Read transactions reject write statements with ferndb.ErrReadOnly.

Minimal example

Putting the basics together:

package main

import (
    "log"

    "github.com/chaitanya-uike/ferndb"
)

func main() {
    db, err := ferndb.Open("app.db")
    if err != nil {
        log.Fatal(err)
    }
    defer db.Close()

    if _, err := db.Exec("CREATE TABLE users (id INT PRIMARY KEY, name TEXT NOT NULL)"); err != nil {
        log.Fatal(err)
    }
    if _, err := db.Exec("INSERT INTO users VALUES (1, 'alice')"); err != nil {
        log.Fatal(err)
    }

    result, err := db.Exec("SELECT id, name FROM users")
    if err != nil {
        log.Fatal(err)
    }
    _ = result
}

Wire protocol

fernDB speaks a small RESP-inspired protocol over TCP. Request frames are plain bytes with short type tags, decimal lengths, and \r\n delimiters.

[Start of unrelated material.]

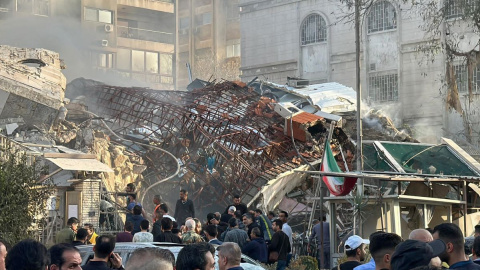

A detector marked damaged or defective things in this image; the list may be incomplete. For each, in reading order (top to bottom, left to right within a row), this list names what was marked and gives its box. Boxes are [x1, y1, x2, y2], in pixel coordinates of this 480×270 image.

crumpled roof structure [65, 78, 344, 213]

The bundled CLI is just one client implementation. Applications can talk to the server from any language that can open a TCP socket and read/write these frames.

Every scalar line is terminated by CRLF, the two-byte delimiter \r\n (carriage return 0x0d, line feed 0x0a). In the examples below, \r\n is shown escaped for readability; on the wire it must be sent as those two bytes, not as four printable characters. For length-prefixed bulk strings, the payload is followed by another CRLF:

$5\r\n
hello\r\n

That frame means: bulk string, 5 payload bytes, payload hello, then CRLF. The length counts only payload bytes; it does not include either CRLF.

Requests are arrays whose first element is a bulk-string command and whose remaining elements are bulk-string arguments. This request runs SELECT * FROM users:

*2\r\n
$4\r\n
EXEC\r\n
$19\r\n
SELECT * FROM users\r\n

As a single byte stream, the same request is:

*2\r\n$4\r\nEXEC\r\n$19\r\nSELECT * FROM users\r\n

The supported commands are:

Command Arguments Description
PING none Health check; returns PONG
EXEC SQL string Executes one SQL statement
BEGIN none Starts a session write transaction
BEGIN_READ none Starts a session read-only transaction
COMMIT none Commits the current write transaction
ROLLBACK none Aborts the current transaction (read or write)

Successful EXEC responses are a three-element array:

[columns, rows, affected]
  • columns is an array of column-name bulk strings.
  • rows is an array of row arrays.
  • affected is an integer count for write statements.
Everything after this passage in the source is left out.